What You Need To Know

  • The monthly average of CO2 registered at NOAA’s Mauna Loa Atmospheric Baseline Observatory in Hawaii was 419 parts per million, the highest level in the 63 years since the measurements began
  • The amount of atmospheric carbon dioxide is comparable to what it was between 4.1 million and 4.5 million years ago
  • Last year’s pandemic-induced economic shutdowns had no discernible impact on the rises of CO2 pollution
  • The scientists behind Monday’s findings said world leaders must act with far more urgency than they have to avoid disastrous consequences

The monthly average of CO2 registered at NOAA’s Mauna Loa Atmospheric Baseline Observatory in Hawaii was 419 parts per million, the highest level in the 63 years since the measurements began.

But researchers say the amount of atmospheric carbon dioxide is comparable to what it was between 4.1 million and 4.5 million years ago, when sea level was about 78 feet higher than today, the average temperature was 7 degrees Fahrenheit warmer than in pre-industrial times and forests occupied large swaths of the Arctic.

Meanwhile, last year’s pandemic-induced economic shutdowns had no discernible impact on CO2 pollution.
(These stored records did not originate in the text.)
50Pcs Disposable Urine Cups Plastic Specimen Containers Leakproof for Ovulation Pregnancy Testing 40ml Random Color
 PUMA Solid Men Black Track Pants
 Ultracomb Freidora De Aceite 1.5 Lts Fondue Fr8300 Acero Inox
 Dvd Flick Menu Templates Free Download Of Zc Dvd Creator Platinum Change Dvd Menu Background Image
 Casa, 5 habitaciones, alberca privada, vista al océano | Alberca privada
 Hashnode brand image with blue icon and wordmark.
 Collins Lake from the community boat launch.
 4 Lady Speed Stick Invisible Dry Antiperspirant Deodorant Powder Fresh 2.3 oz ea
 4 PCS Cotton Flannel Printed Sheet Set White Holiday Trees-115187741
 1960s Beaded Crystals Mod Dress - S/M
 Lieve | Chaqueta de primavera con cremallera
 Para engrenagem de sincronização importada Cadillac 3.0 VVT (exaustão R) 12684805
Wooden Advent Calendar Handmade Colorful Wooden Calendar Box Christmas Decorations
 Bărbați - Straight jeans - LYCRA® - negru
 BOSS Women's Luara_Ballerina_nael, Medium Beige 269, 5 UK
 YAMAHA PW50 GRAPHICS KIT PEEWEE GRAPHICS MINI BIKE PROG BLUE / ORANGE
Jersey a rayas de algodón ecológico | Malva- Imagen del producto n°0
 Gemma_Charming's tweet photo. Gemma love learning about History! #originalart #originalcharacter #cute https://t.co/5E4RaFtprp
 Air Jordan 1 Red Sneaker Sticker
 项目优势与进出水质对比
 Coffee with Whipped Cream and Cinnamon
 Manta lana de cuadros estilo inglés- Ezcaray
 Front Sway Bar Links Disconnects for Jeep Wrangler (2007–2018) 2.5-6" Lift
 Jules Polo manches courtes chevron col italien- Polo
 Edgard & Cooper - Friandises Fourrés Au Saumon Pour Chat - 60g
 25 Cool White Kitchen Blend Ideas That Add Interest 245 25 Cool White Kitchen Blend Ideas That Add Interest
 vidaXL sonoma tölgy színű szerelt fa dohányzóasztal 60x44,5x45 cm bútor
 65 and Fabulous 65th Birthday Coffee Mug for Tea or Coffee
The researchers said the increase of 1.8 ppm from May 2020 to May 2021 was slightly less than previous years, but that over the first five months of the year, CO2 levels were up 2.3 ppm compared to the year before.

CO2 pollution is generated by emissions from fossil fuels used for transportation and electricity, cement manufacturing, deforestation and many other practices. Carbon dioxide and other greenhouse gases trap heat at the earth’s surface, causing the planet to warm steadily. 

CO2 is by far the most prevalent greenhouse gas and persists in the atmosphere and oceans for thousands of years after it is emitted, experts say. May is used as a measuring stick because it is the month when CO2 levels peak each year.

President Joe Biden in February re-entered the United States into the Paris Agreement on climate change, a treaty signed by 196 countries promising to limit greenhouse gases.

But the scientists behind Monday’s findings said world leaders must act with far more urgency than they have to avoid disastrous consequences. 

“The ultimate control knob on atmospheric CO2 is fossil-fuel emissions,” said geochemist Ralph Keeling, who runs the Scripps program at Mauna Loa. “But we still have a long way to go to halt the rise, as each year more CO2 piles up in the atmosphere. We ultimately need cuts that are much larger and sustained longer than the COVID-related shutdowns of 2020.”

Pieter Tans, a senior scientist with NOAA’s Global Monitoring Laboratory, said “the solution is right before our eyes.”

“Solar energy and wind are already cheaper than fossil fuels and they work at the scales that are required,” he said. “If we take real action soon, we might still be able to avoid catastrophic climate change.”